Work instruction: Please write out the entire listing below exactly, excluding its pictures.

Input data:
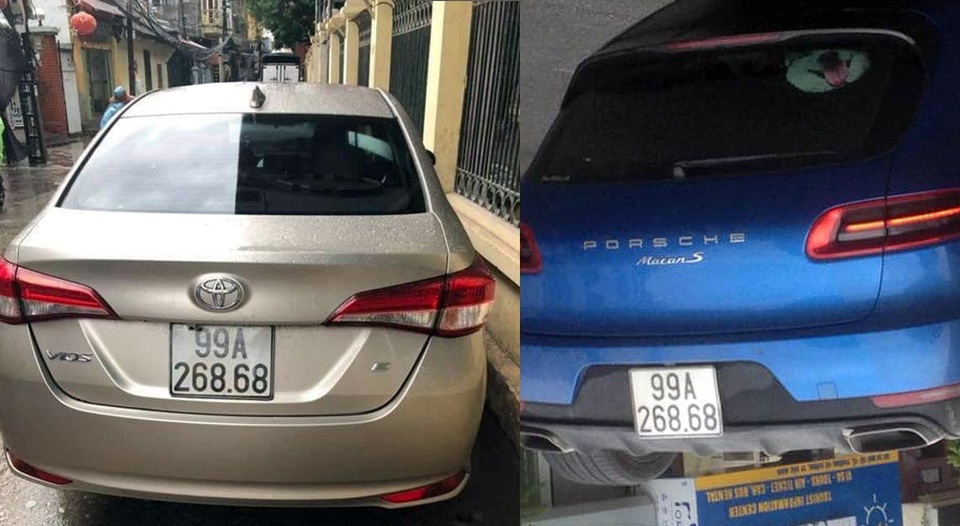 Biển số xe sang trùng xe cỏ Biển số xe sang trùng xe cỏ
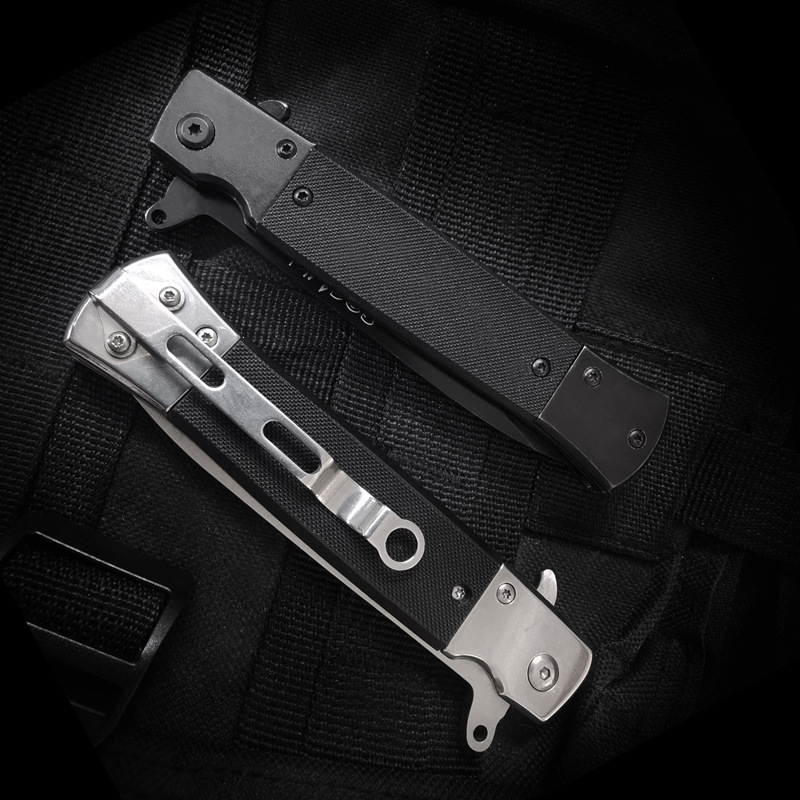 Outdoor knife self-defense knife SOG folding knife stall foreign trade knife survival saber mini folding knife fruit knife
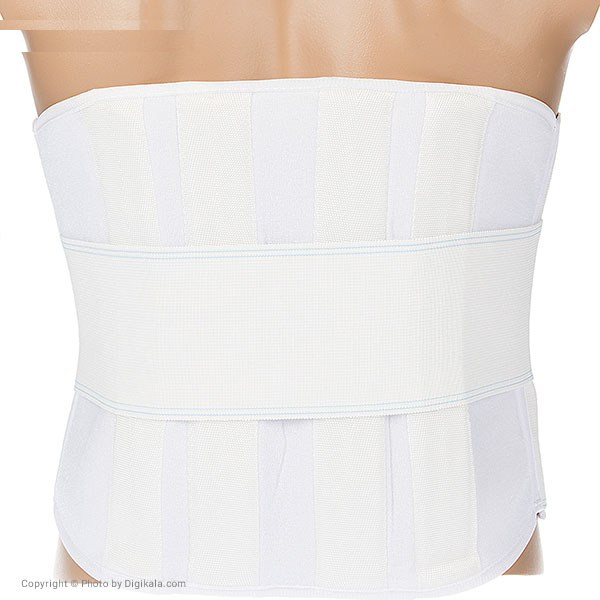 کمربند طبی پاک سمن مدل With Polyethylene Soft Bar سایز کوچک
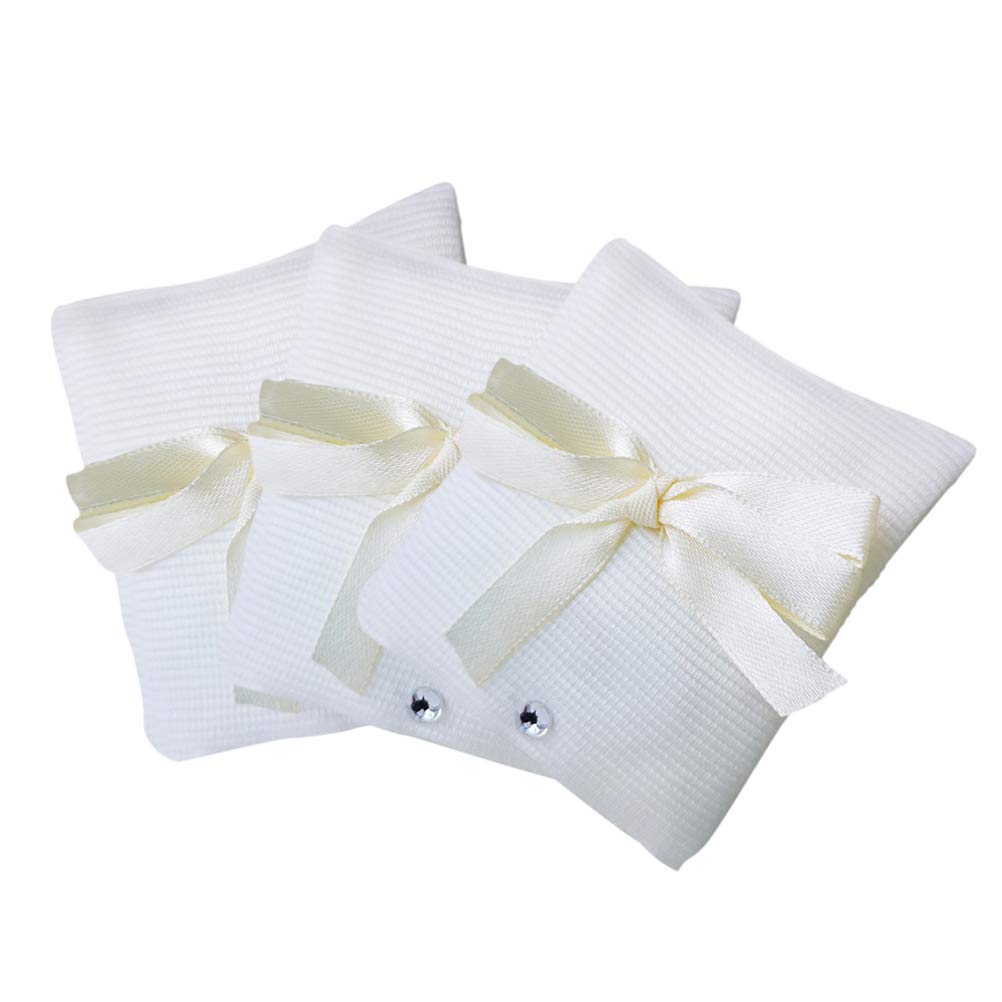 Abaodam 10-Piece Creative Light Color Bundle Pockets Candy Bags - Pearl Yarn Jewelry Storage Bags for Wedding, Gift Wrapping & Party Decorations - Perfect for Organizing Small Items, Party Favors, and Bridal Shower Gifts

Completed exercise:
 Biển số xe sang trùng xe cỏ Biển số xe sang trùng xe cỏ
 Outdoor knife self-defense knife SOG folding knife stall foreign trade knife survival saber mini folding knife fruit knife
 کمربند طبی پاک سمن مدل With Polyethylene Soft Bar سایز کوچک
 Abaodam 10-Piece Creative Light Color Bundle Pockets Candy Bags - Pearl Yarn Jewelry Storage Bags for Wedding, Gift Wrapping & Party Decorations - Perfect for Organizing Small Items, Party Favors, and Bridal Shower Gifts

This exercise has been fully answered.